Completionists will have a tough time with this one, too, as those who must leave no stone unturned will be driving that stupid truck around the game's dozens of somewhat empty-feeling planets finding that last rare metal on the mini-map or finishing off one more compound of enemies. Considering how much more involved the real "story" planets are, it's almost like playing a different game entirely when you start going to the many off-planets. If you can do your best to mostly stick to the story without too much sidetracking or metal hunting, the tedium often melts away and you'll find a great game just under that slightly tarnished surface.
From a technical standpoint, there's not much to worry about with Mass Effect. There are enough detail options that mid-spec PCs will make it along just fine, although you will need a video card that's capable of playing a game more demanding than, say, World of Warcraft. For the most part there's enough eye candy in this game to tax a powerful new machine, too, even if there seems to be no way to get antialiasing to work either in-game or by forcing it in the nVidia control panel. And Bioware has promised new downloadable content, starting with giving away the Bring Down the Sky addon (which cost $5 on Xbox Live) for free - confusingly, even though BDtS was promised months before the PC release, the add-on was not included on the disc and as of this writing, isn't available to download yet.
From beginning to end, Mass Effect is a powerful and highly entertaining game that mixes tactical action and a full-fledged RPG together in exciting ways.
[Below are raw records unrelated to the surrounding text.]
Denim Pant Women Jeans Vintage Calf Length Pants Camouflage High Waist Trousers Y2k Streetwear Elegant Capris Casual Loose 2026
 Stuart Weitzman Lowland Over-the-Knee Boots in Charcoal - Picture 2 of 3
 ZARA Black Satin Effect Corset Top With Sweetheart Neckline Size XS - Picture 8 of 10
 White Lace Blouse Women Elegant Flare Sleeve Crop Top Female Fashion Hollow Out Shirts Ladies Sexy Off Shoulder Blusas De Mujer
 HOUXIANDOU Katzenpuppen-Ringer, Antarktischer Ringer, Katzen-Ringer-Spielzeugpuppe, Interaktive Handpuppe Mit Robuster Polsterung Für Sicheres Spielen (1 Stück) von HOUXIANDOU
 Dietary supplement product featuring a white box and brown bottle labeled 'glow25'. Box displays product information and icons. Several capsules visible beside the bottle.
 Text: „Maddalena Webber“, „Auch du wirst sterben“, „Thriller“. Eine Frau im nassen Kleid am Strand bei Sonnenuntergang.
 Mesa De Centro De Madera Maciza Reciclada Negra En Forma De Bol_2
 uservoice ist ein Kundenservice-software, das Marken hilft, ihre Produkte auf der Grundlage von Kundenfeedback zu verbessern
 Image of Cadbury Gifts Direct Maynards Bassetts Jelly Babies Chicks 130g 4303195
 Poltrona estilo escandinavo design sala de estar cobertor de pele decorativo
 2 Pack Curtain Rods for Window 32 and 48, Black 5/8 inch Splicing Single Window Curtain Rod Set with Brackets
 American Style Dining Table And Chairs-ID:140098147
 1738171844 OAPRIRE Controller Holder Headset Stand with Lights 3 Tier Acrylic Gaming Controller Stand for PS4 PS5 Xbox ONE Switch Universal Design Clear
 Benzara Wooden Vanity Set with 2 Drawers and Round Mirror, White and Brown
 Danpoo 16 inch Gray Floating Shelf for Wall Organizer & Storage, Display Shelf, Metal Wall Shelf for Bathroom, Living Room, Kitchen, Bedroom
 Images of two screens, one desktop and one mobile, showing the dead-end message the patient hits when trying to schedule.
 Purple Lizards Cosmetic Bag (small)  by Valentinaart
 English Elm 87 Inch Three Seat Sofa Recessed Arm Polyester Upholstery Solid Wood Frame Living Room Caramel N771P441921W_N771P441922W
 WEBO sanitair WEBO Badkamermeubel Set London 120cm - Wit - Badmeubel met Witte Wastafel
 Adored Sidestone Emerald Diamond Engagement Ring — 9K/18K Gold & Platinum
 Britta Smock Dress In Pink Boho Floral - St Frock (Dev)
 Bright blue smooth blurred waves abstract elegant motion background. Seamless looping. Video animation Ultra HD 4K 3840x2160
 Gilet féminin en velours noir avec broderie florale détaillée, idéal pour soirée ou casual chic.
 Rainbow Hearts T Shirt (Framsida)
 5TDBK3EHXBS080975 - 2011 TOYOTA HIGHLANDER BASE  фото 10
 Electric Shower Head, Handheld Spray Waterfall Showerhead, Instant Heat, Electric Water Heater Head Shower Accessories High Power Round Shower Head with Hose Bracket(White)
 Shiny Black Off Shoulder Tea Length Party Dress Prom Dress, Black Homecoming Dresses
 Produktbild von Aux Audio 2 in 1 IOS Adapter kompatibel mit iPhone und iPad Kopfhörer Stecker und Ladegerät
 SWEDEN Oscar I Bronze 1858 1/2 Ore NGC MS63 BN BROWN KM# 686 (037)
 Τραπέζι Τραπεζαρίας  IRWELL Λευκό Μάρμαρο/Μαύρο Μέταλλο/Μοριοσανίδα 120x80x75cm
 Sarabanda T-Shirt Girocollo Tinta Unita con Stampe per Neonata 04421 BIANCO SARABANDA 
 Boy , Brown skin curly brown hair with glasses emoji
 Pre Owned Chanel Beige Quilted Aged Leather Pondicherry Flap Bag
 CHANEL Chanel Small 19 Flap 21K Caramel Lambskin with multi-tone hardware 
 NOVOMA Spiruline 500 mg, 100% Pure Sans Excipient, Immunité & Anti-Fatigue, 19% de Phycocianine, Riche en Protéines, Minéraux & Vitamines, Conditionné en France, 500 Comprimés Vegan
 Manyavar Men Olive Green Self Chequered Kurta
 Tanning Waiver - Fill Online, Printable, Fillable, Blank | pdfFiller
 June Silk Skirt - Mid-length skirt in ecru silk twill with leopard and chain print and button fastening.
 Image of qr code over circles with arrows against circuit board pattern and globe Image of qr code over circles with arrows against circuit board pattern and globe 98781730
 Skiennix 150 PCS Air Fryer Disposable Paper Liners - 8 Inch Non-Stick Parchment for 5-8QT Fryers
The universe that Bioware has created is intriguing, even if the level of storytelling isn't quite as great as what we got in KOTOR, but it's still great and the focus on firearms rather than melee combat really does work well. PC gamers will find that even though this game started on consoles, it should satisfy their need for hardcore action and RPG pretty well as long as they can meet the system requirements and they look past the couple of new features that just don't work very well. It still doesn't quite live up to the masterful story and whizzing lightsabers of Knights of the Old Republic, but for the first game in a new series, Mass Effect is an excellent start.